TASK TO COMPLETE
Transcription, pictures excluded: write out the data below exactly.

SUPPLIED DATA
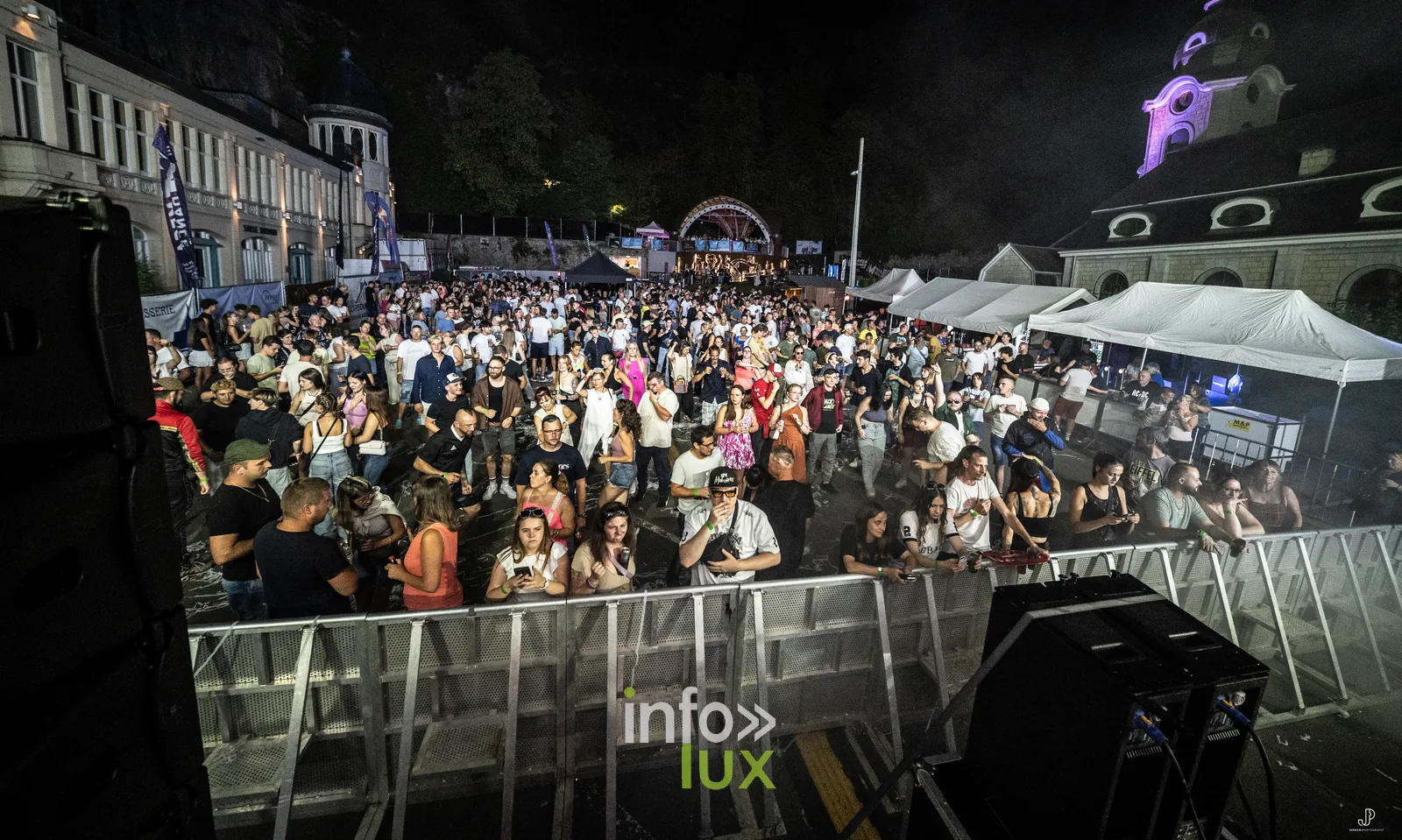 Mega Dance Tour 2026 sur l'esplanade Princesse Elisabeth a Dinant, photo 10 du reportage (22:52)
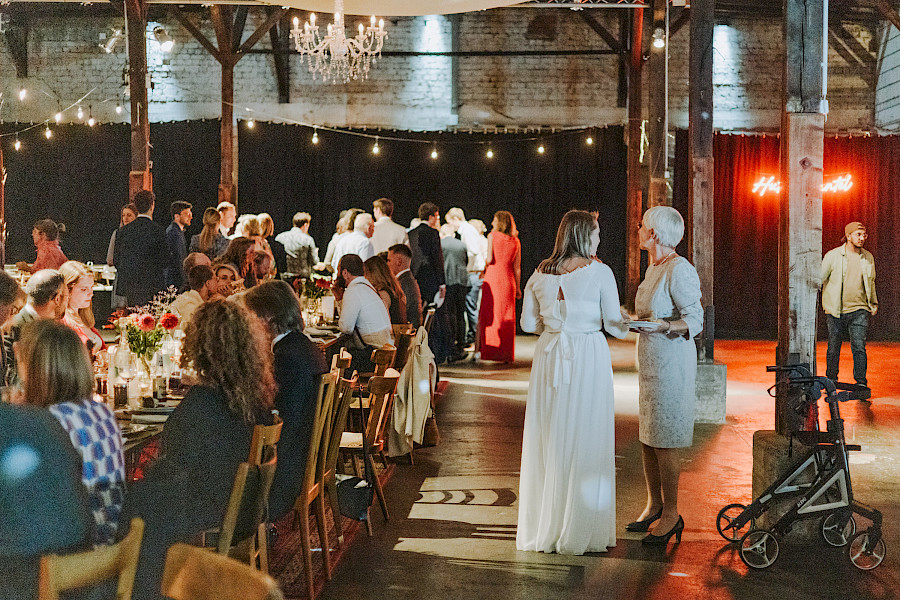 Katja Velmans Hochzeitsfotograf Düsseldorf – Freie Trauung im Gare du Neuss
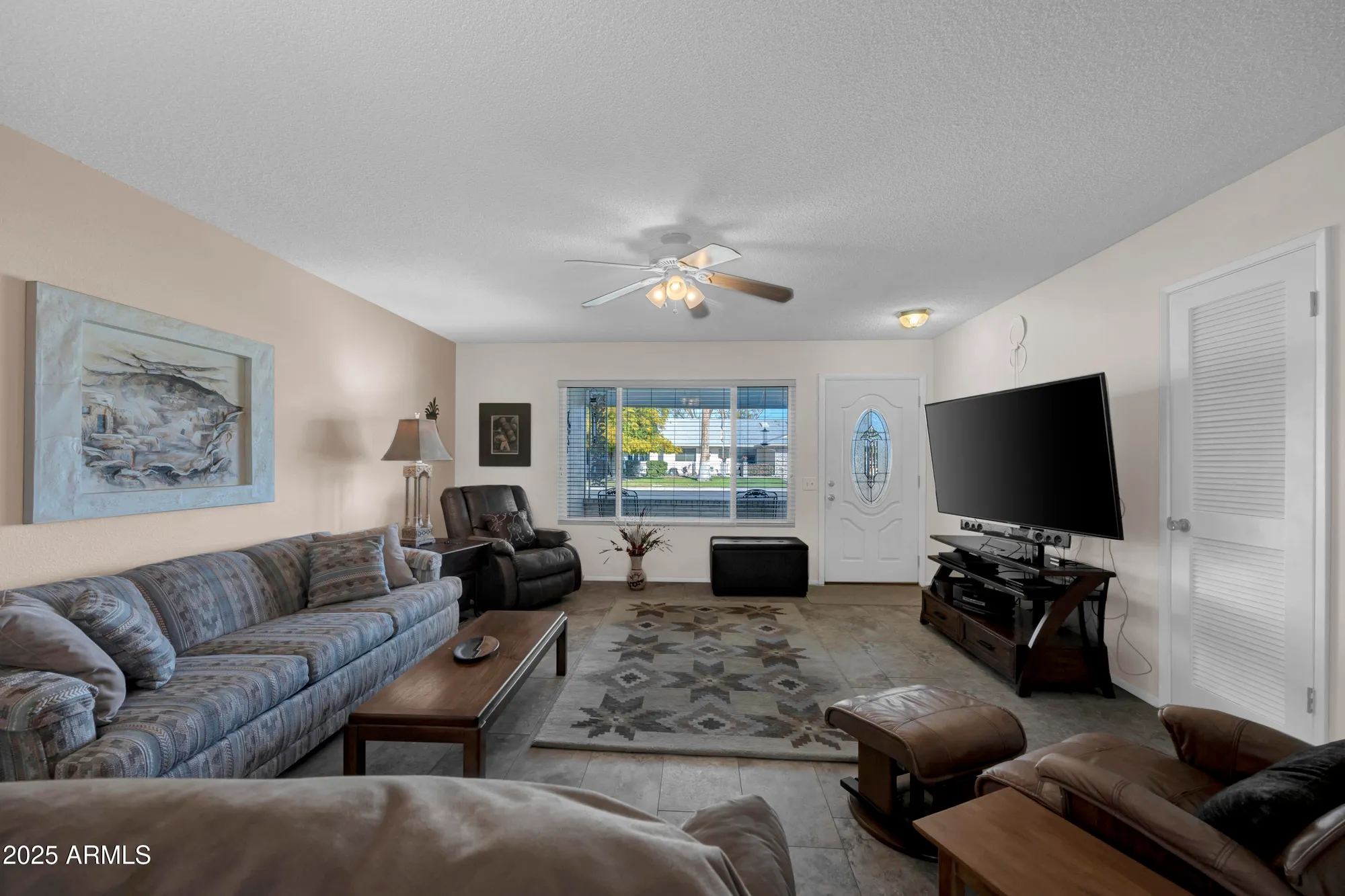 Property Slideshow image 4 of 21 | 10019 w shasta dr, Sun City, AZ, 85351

YOUR SOLUTION
 Mega Dance Tour 2026 sur l'esplanade Princesse Elisabeth a Dinant, photo 10 du reportage (22:52)
 Katja Velmans Hochzeitsfotograf Düsseldorf – Freie Trauung im Gare du Neuss
 Property Slideshow image 4 of 21 | 10019 w shasta dr, Sun City, AZ, 85351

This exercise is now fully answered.